Opposition to me being the breadwinner of my family, exchanging role with my husband—him taking care my home and child, has come from many. I used to have grudges against their non-constructive comments, but now I’ve learnt to ignore them, only listening and showing smile. The world certainly doesn’t need to know I’m happy. What’s important is I know I’m happy, and I know my own family is happy.
7. Say sorry and move on
Everyone does mistakes, us too. In self-improvement, the point is to realise our wrongdoings, make amends, and move on. Don’t dwell too much into our past misconducts. We can certainly recall them to see how far we have been better than the past. Yet we shall not constantly return to that deep, dark well and immerse ourselves into it. It will pull us down and create negativity to our surroundings.
Dwelling into the ugly past doesn’t help us to be thankful, and therefore, it’s hard for us to be opened to the possibility of happiness our future may hold. Remember thankfulness is the culminating point to happiness.
I used to not be able to let go my mum’s disappointment on me. But I’ve come to realise that holding back doesn’t make my life any happier. So I’ve always asked forgiveness from her, whenever I know I’ve wronged or hurt her. Yet, after that I move on, hoping for better encounter with her in future, giving myself the benefit of the doubt that I will in fact learn to be more lenient, wise and humble.
Moving on makes life so much easier.
8. Have good counsel from the council
My husband has been a constant companion that has helped me pull through difficulties in life. His advices on patience, sincerity, contentment, and gratefulness have never failed to promote a cooling and calming energy in the midst of our hardships. In addition, he continously encourages me to be confident in myself—to be me. So, he’s definitely a council member I wish to keep in my life journey.

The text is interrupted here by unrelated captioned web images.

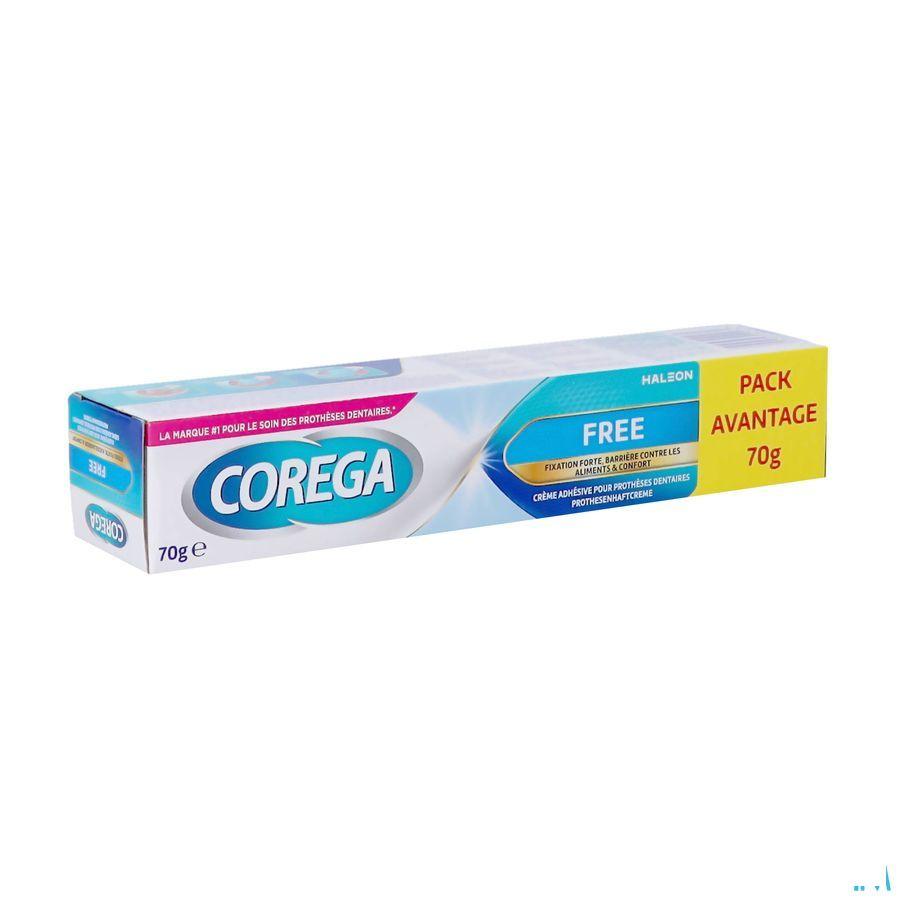 Corega Free Kleefcreme 70 gr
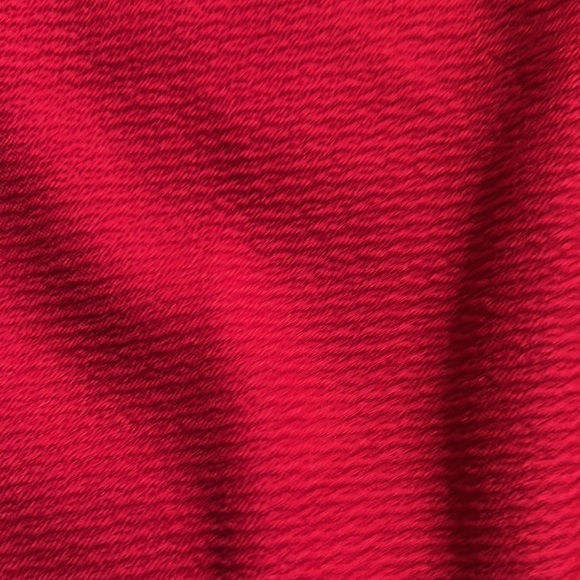 Beautiful red skater skirt-like new condition - Picture 5 of 5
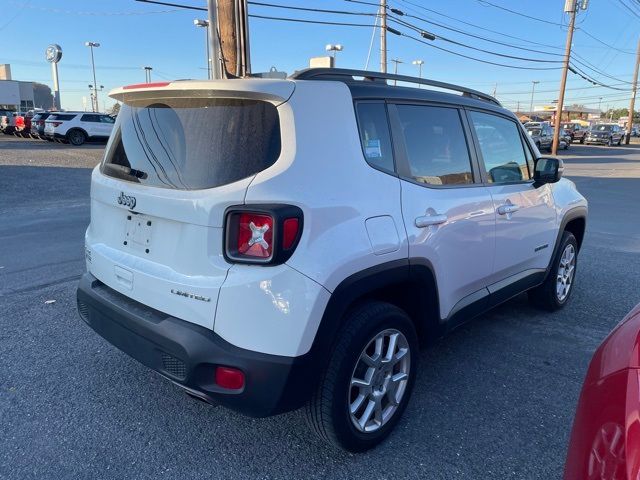 2021 Jeep Renegade Limited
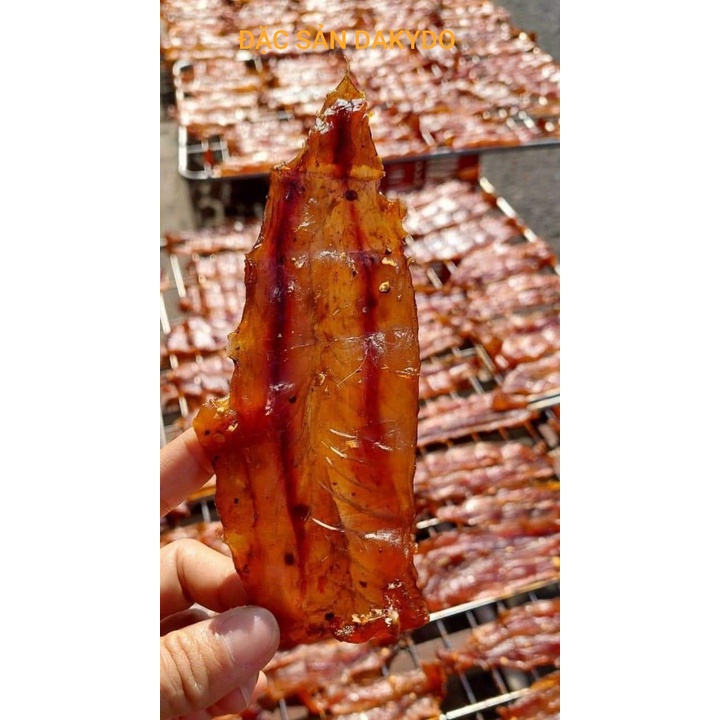 Khô cá lau kiếng phile 500g, thương hiệu đặc sản Dakydo, ăn là ghiền!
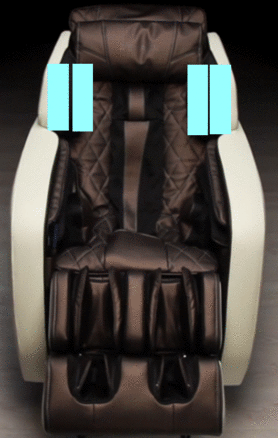 Airbags count for Weyron Cocoon Massage Chair
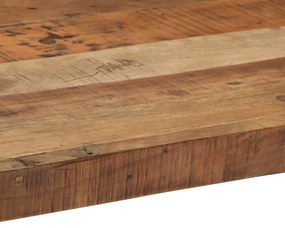 Mesa de Café 110x55x40 cm Madeira recuperada
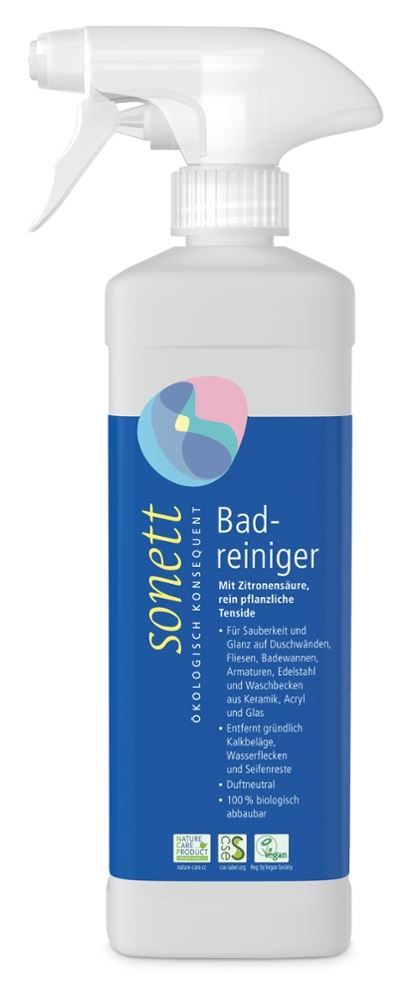 Sonett - Badreiniger 6 Stück zu 500 ml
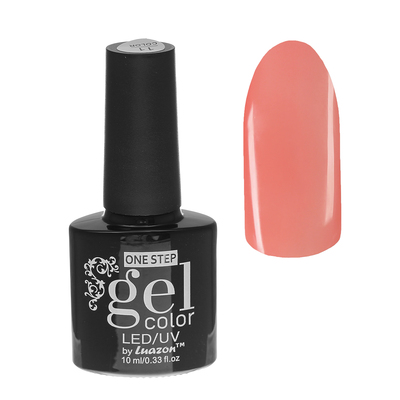 Гель-лак для ногтей, 216-024-8, однофазный, LED/UV, 10мл, цвет 216-024-8 телесный
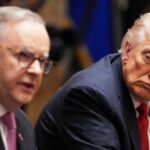 Foi então que o Presidente dos EUA, Donald Trump, apoiou calorosamente o acordo AUKUS quando recebeu o Primeiro-Ministro Anthony Albanese na Casa Branca em Outubro do ano passado.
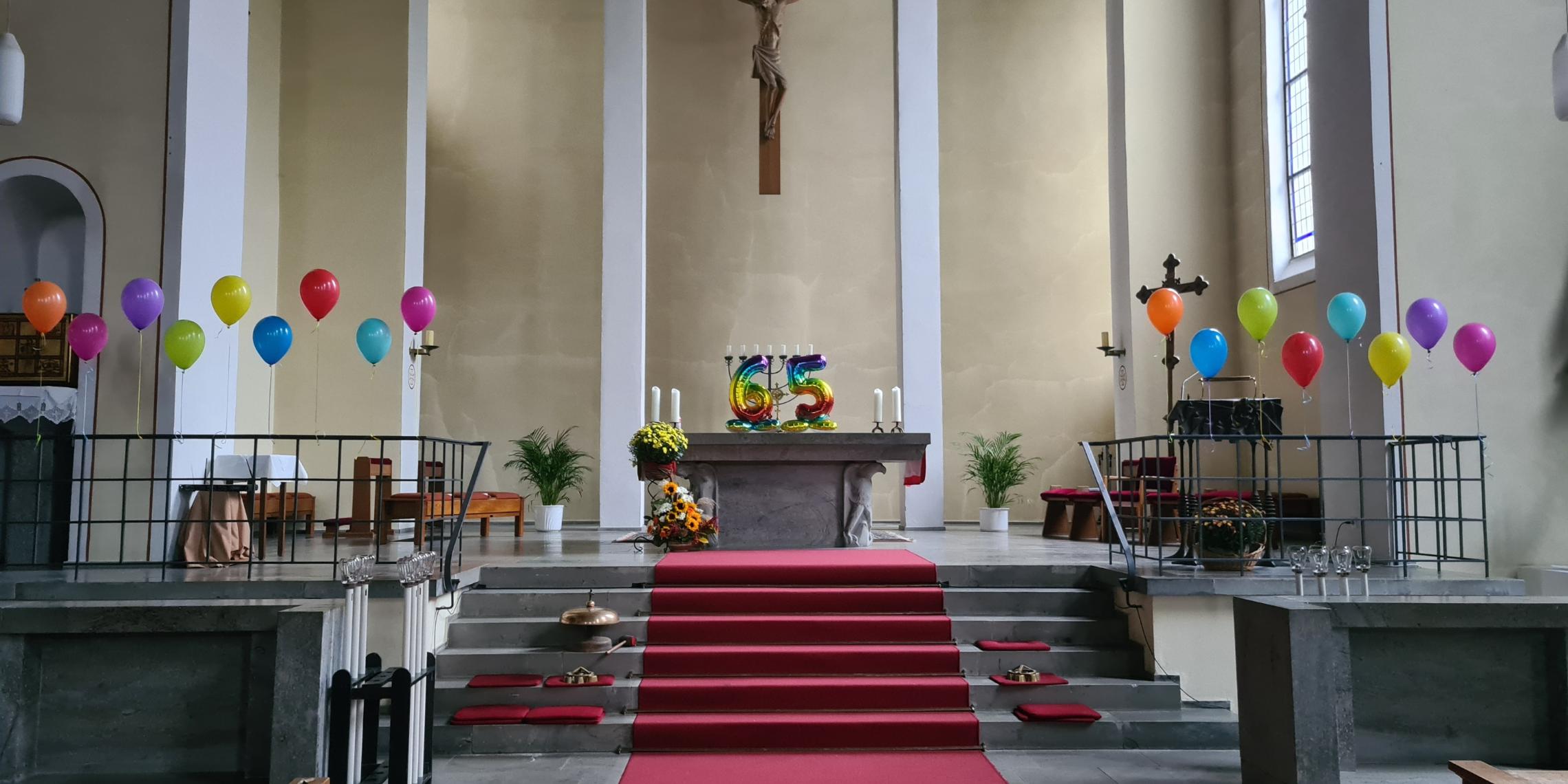 65 Jahre Kindergarten St. Laurentius Asbach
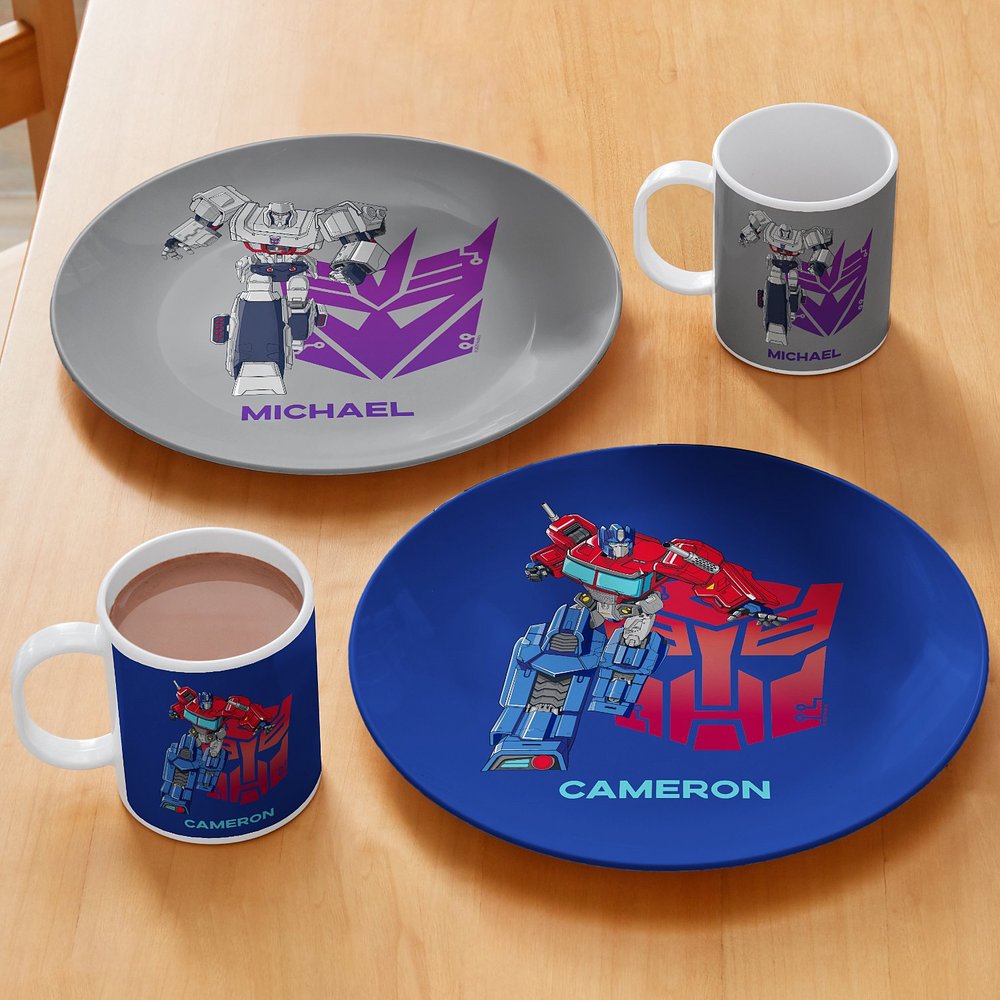 TRANSFORMERS Icons Tableware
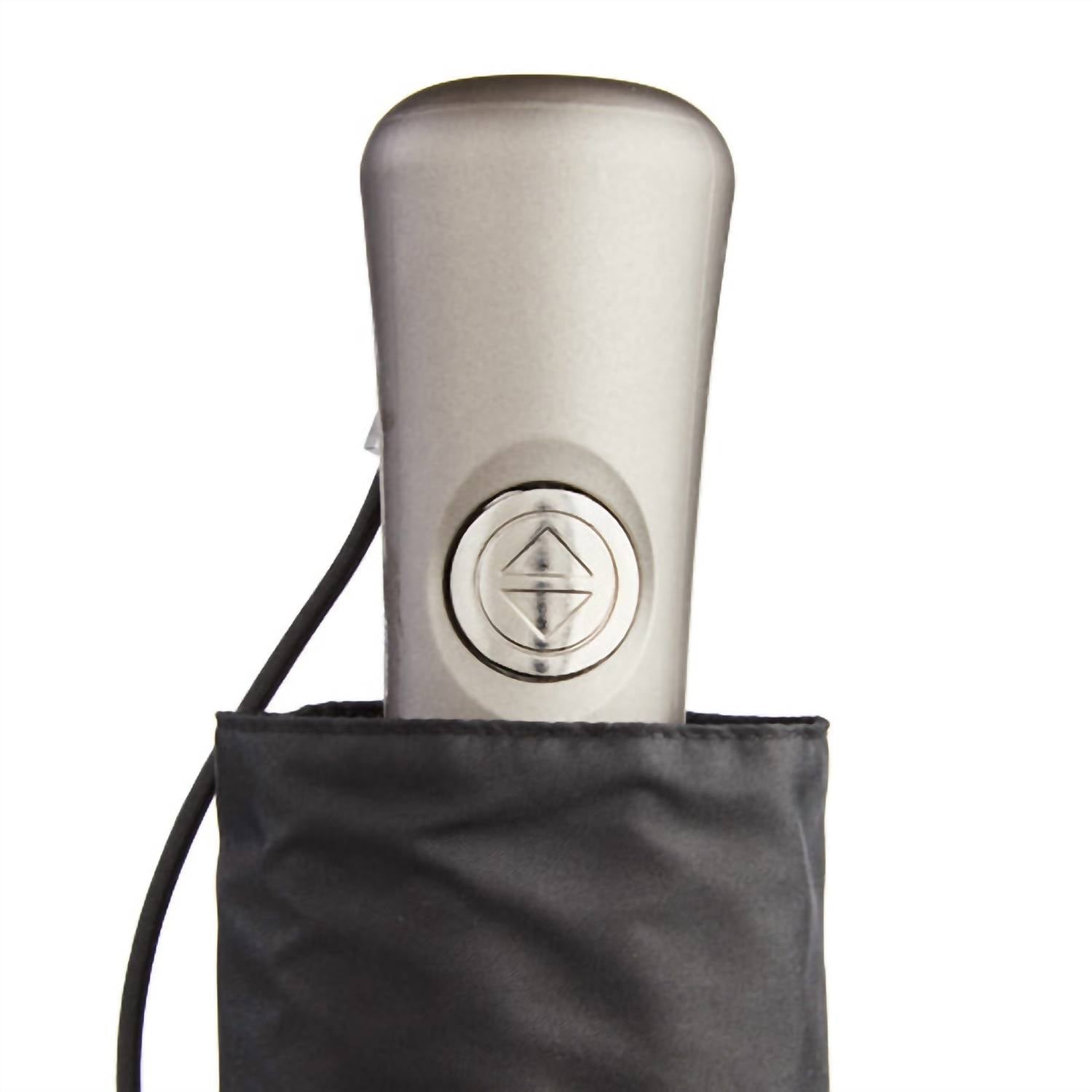 Women's Auto Open Close Windproof Ultimate Compact Umbrella In Azalea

Another worthy member is my godfather, who so far always gives me objective advices. Despite how much my mum has imposed her ideas of life on me, and regardless how different I am from her, my godfather keeps telling me to be gentle in my words to her so as not to hurt her feelings. I love people who give me such advice—to constantly be kind to others despite how they might have treated us.
Having good council members and keeping them within our circle of close companions is an important way to keep us stay on track in life. Their consolation and encouragement helps us pull through difficult times; their advices shine some light on our way, allowing us to see what we are mistaken at and aspiring us to constantly be a better person.
“We are often too close to our own conducts that we need to see ourselves in the mirrors of selective others.”
Good council doesn’t always praise us. They give their objective opinions or advices, regardless of whether we are right or wrong. They remind us when we make mistakes, and encourage us to always have a positive outlook and be better in life.
What matters is to live in the present, live now, for every moment is now. It is your thoughts and acts of the moment that create your future. The outline of your future path already exists, for you created its pattern by your past.
So, let’s make our lives today better and happier than yesterday by being grateful and enjoying every moment today gives, as in how we perceive today lies the foundation of our future destiny.